▶ WHAT TO DO: Once the line containing "Zug, lakeside town, colorful" is reached, copy it and every line after it exactly, to the end of the material, without pictures.

------------------------------------------------

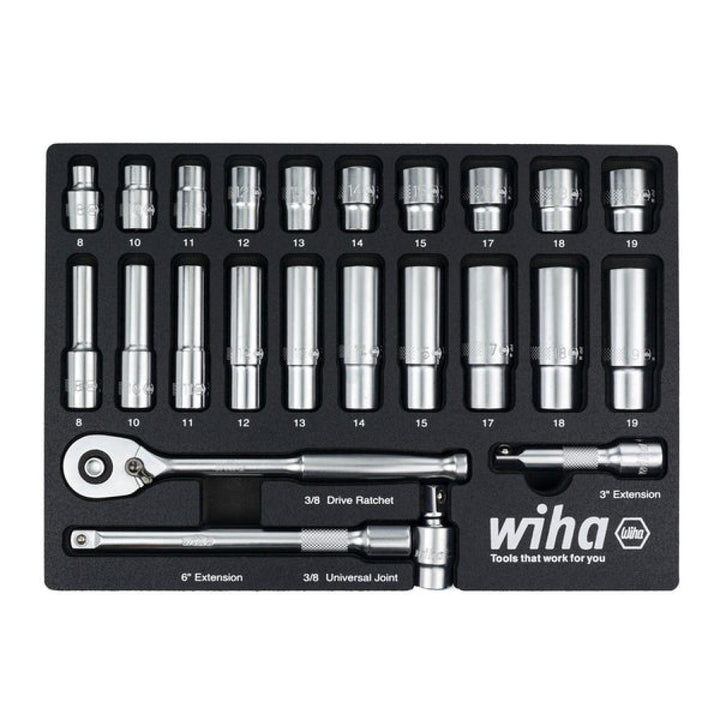 Wiha 33795 24 Piece 3/8” Drive Professional Socket Tray Set - Metric
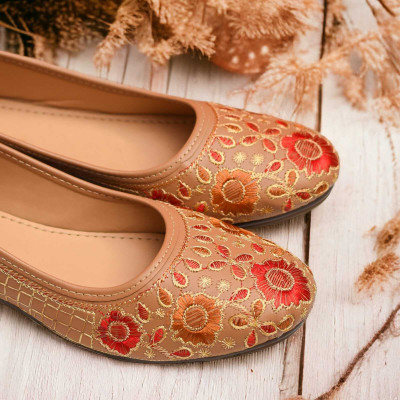 LEEFANT Jaipuri Embroidery Ballerinas / Girls Stylish Juttis For Wedding Party Bellies For Women(Brown , 4)
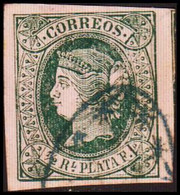 1864. SPANISH WESTINDIES. Isabella II ½ R PLATA F White Paper.  (Michel 14a) - JF413843 - Andere & Zonder Classificatie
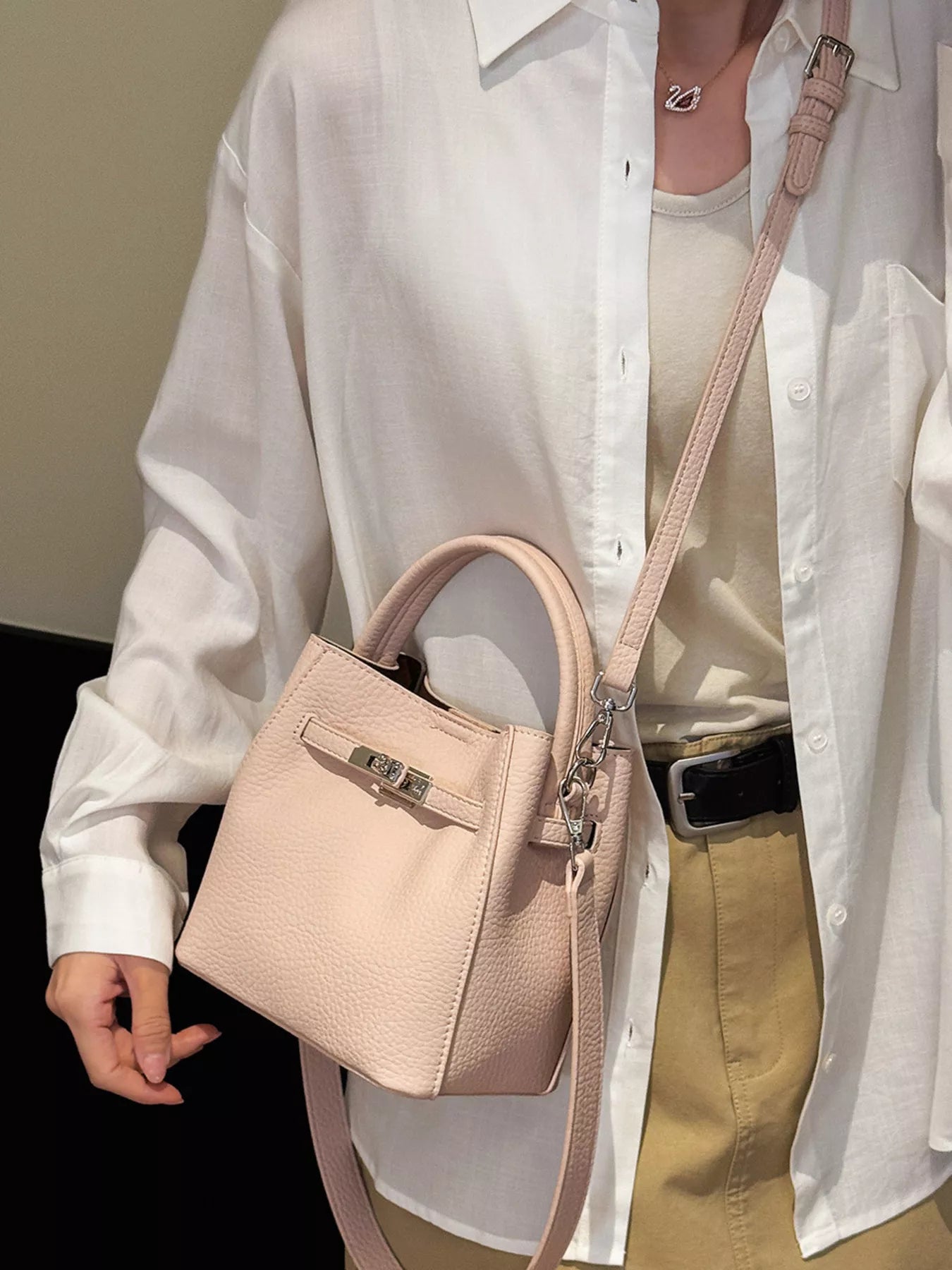 Leather Bucket Crossbody Bag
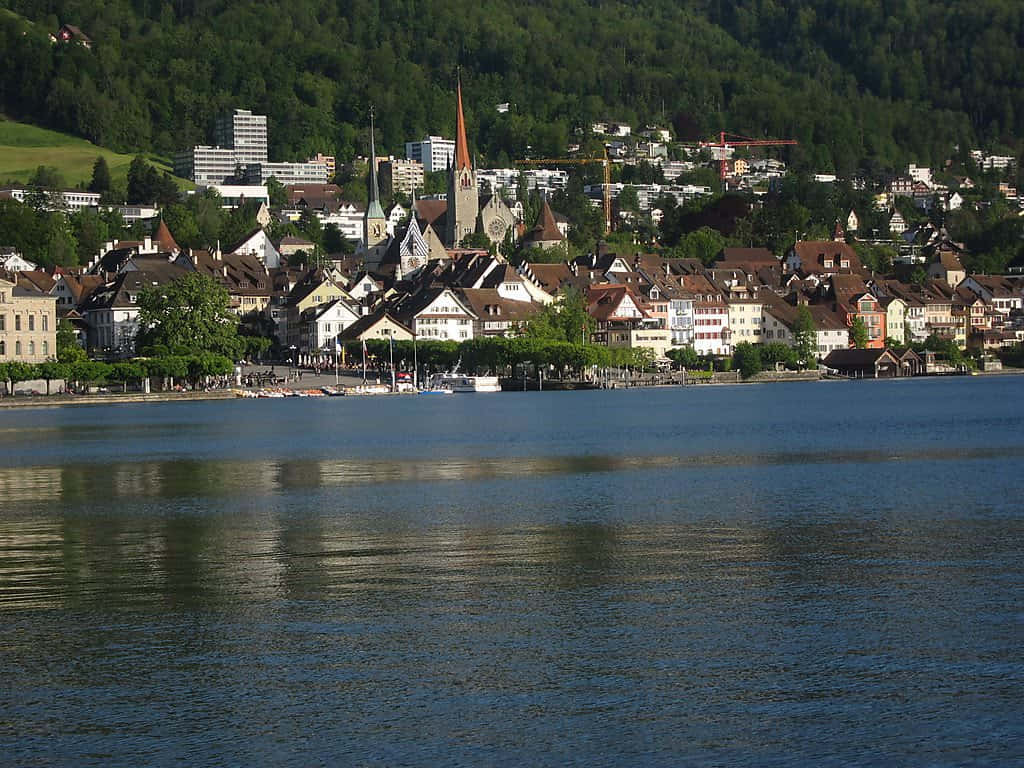 Zug, lakeside town, colorful houses, SD Desktop Wallpaper
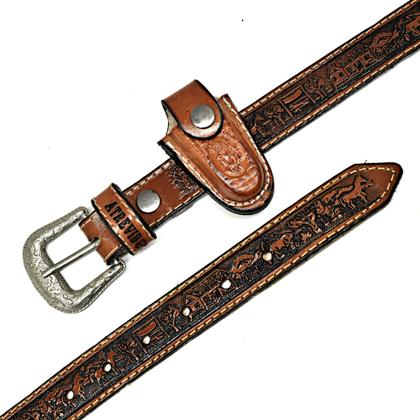 Imagem de Kit Cinto/bainha Chaveirinho Country Couro Infantil Fazenda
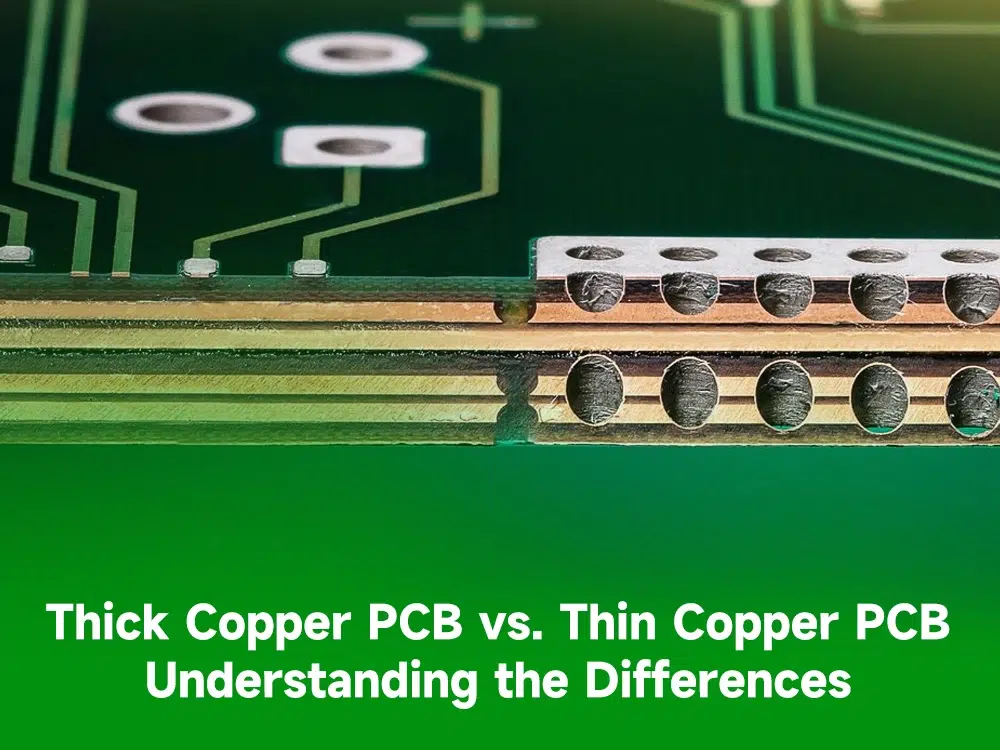 A visual comparison of thin vs. thick PCBs in terms of heat dissipation, highlighting why power electronics require thicker PCBs for effective thermal management.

------------------------------------------------

▶ TASK RESULT:
 Zug, lakeside town, colorful houses, SD Desktop Wallpaper
 Imagem de Kit Cinto/bainha Chaveirinho Country Couro Infantil Fazenda
 A visual comparison of thin vs. thick PCBs in terms of heat dissipation, highlighting why power electronics require thicker PCBs for effective thermal management.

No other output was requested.